By PAUL KRUGMAN
Published: October 17, 2013
The government is reopening, and we didn’t default on our debt. Happy days are here again, right?
Fred R. Conrad/The New York Times
Well, no. For one thing, Congress has only voted in a temporary fix, and we could find ourselves going through it all over again in a few months. You may say that Republicans would be crazy to provoke another confrontation. But they were crazy to provoke this one, so why assume that they’ve learned their lesson?
Beyond that, however, it’s important to recognize that the economic damage from obstruction and extortion didn’t start when the G.O.P. shut down the government. On the contrary, it has been an ongoing process, dating back to the Republican takeover of the House in 2010. And the damage is large: Unemployment in America would be far lower than it is if the House majority hadn’t done so much to undermine recovery.
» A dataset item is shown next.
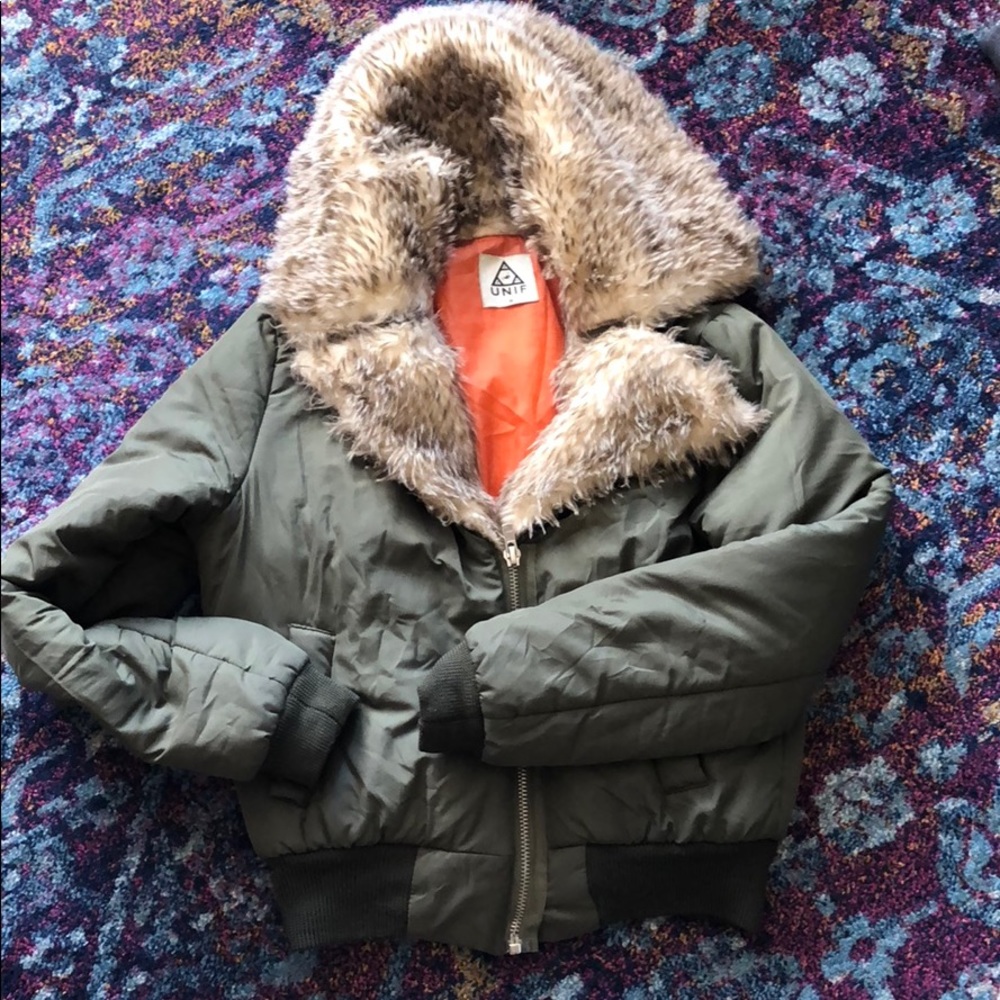 Faux fur lined puffer jacket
A useful starting point for assessing the damage done is a widely cited report by the consulting firm Macroeconomic Advisers, which estimated that “crisis driven” fiscal policy — which has been the norm since 2010 — has subtracted about 1 percent off the U.S. growth rate for the past three years. This implies cumulative economic losses — the value of goods and services that America could and should have produced, but didn’t — of around $700 billion. The firm also estimated that unemployment is 1.4 percentage points higher than it would have been in the absence of political confrontation, enough to imply that the unemployment rate right now would be below 6 percent instead of above 7.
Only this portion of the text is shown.